Em 2017, a ideia de criar uma central de comercialização de produtos e serviços em turismo de base comunitária da Rede, como estratégia para ampliar sua capacidade comercial e de comunicação, conquistou um prêmio do DESAFIO BIG. O apoio permitiu continuar o processo de discussão e aprofundamento dos conceitos, estabelecer acordos e princípios para o funcionamento da Rede, bem como construir uma proposta coletiva de modelo de negócios para Central. Também faz parte dos objetivos do projeto: criar um site contendo portfólio online, dos produtos e serviços oferecidos por três comunidades (Trindade, São Gonçalo e Campinho) e realizar roteiros teste em parceria com agências de turismo.
A partir dos resultados do processo, foi possível também, mobilizar o apoio da Prefeitura Municipal de Paraty e da APA Cairuçu para as oficinas de formação.

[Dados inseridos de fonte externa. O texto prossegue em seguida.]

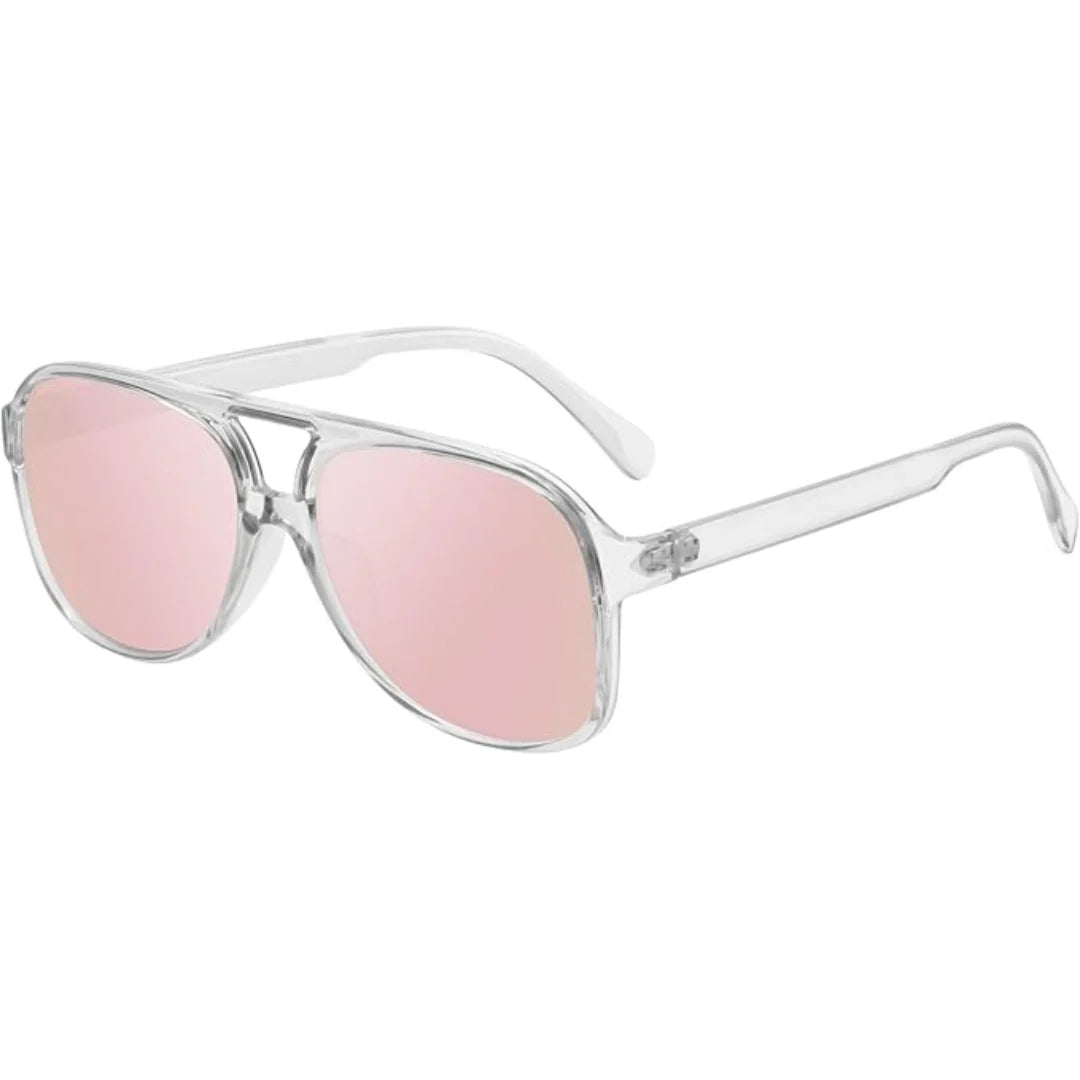 Aviator Sunglasses Oversized Retro UV400 Protection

Três oficinas foram propostas pelo projeto - em cada uma das comunidades citadas acima - e dentre essas atividades, as de Trindade e São Gonçalo já foram realizadas. Confira na sequência, registros desses momentos de intercâmbio, fortalecimento e de construir os princípios que irão nortear a rede Nhandereko.
Luta e formação na construção coletiva dos princípios e conceitos do TBC
“O TBC pra gente hoje é auto-reconhecimento da cultura, das nossas tradições, coisas que estavam perdidas ao longo do tempo e o turismo de base comunitária vem resgatar isso dentro da comunidade”, destaca Vaguinho liderança da comunidade caiçara de São Gonçalo em Paraty (RJ). As oficinas para criação e consolidação da Rede Nhandereko tem como proposta criar empatia entre as lideranças e propiciar espaços para a partilha de conhecimentos, nos quais os princípios e conceitos são alinhados.

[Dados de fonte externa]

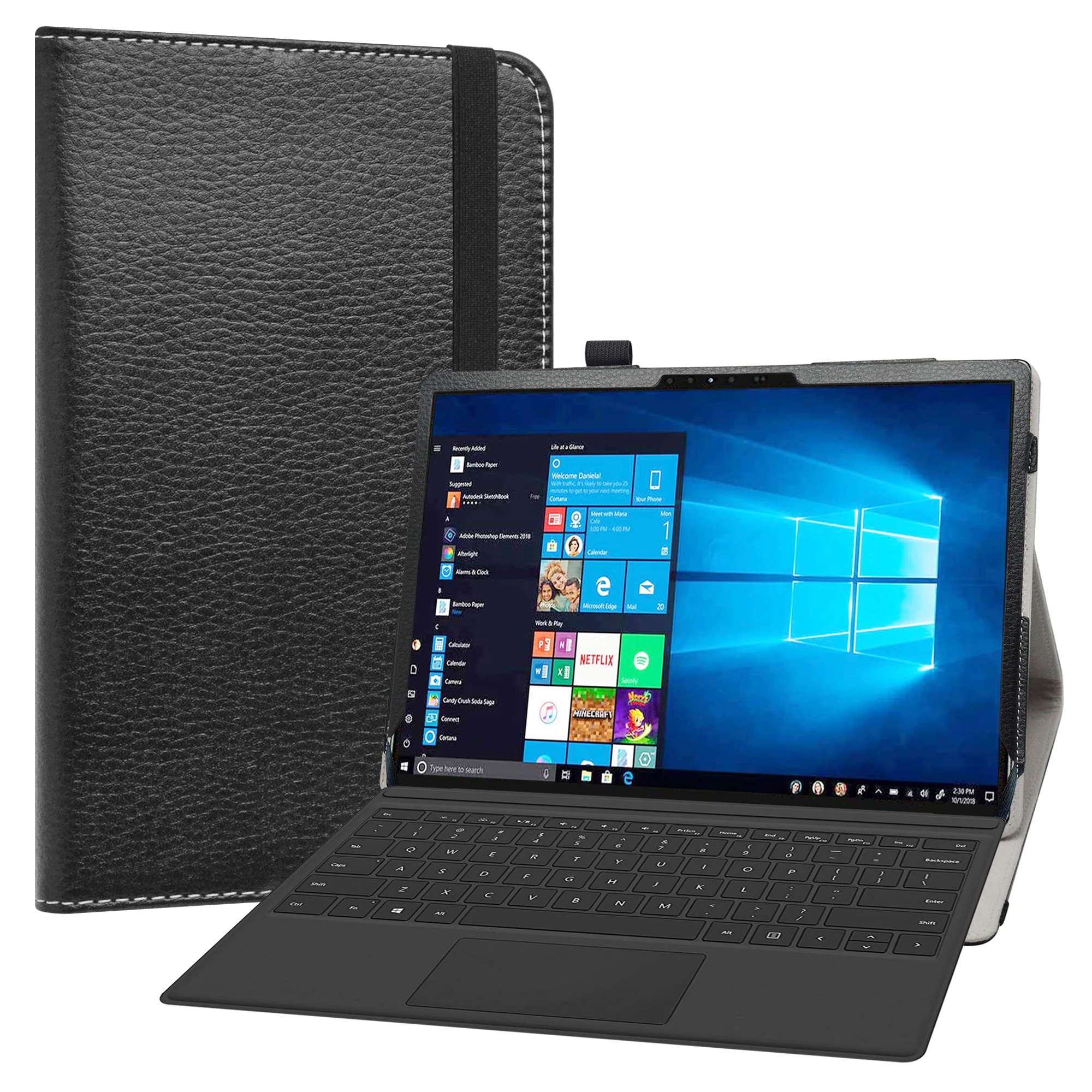 Etui na 13-calowy Dell Latitude 7320 Odłączany składany pokrowiec na tablet z elastycznym zamknięciem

Segundo ele, o TBC promove sobretudo o fortalecimento da luta dentro do território e a geração de renda. “Mas mais do que tudo representa a preservação da nossa tradicionalidade que ao longo dos anos vem sendo consumida pelo turismo de massa no município de Paraty e nas comunidades tradicionais”, completa. As oficinas promovem o encontro de cerca de 25 comunitários de 12 comunidades envolvidas no processo e permite a construção coletiva de diretrizes, sonhos e planejamentos para a rede de TBC.

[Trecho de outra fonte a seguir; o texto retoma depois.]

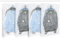 ZWMYF Bolsas colgantes de almacenamiento al vacío, 4 bolsas de vacío que ahorran espacio para ropa, trajes, vestidos, abrigos o chaquetas, organizador de armario transparente y reutilizable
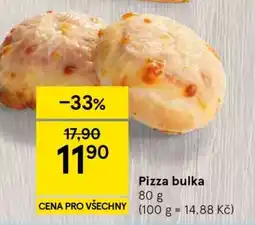 Tesco Pizza bulka nabídka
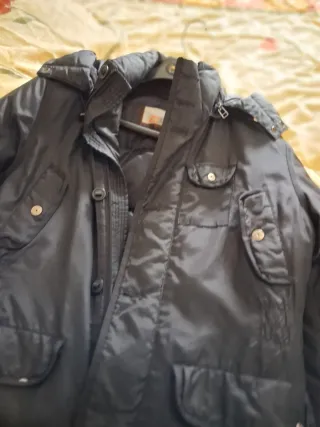 Parka caballero negra abrigada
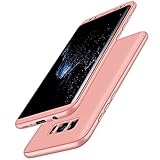 Galaxy S8 Case, AICase 3 in 1 Ultra Thin and Slim Hard PC Case Anti-Scratches Premium Slim 360 Degree Full Body Protective Cover for Samsung Galaxy S8 Case (5.8'')(2017) (Rose Gold)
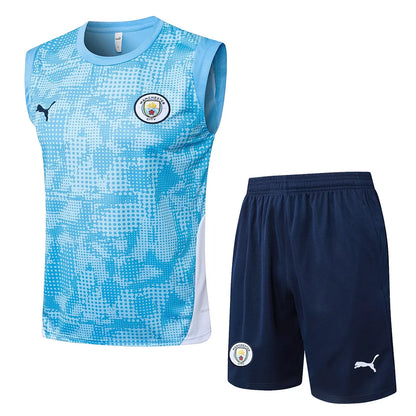 Completino Canottiera Manchester City 2025/26 Uomo | Kit Allenamento - CalcioVivo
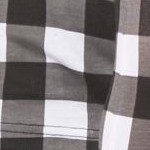 plaid black & white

Na Oficina em São Gonçalo além de vivenciar e levantar elementos para a roteirização do produto turístico, o grupo discutiu o modelo de negócios mais adequado à central de comercialização, considerando aspectos de governança local, como a democracia interna, a comunicação e a participação. As atividades do projeto buscam, sobretudo, fortalecer o protagonismo das associações locais como, por exemplo, da Associação de Moradores de São Gonçalo.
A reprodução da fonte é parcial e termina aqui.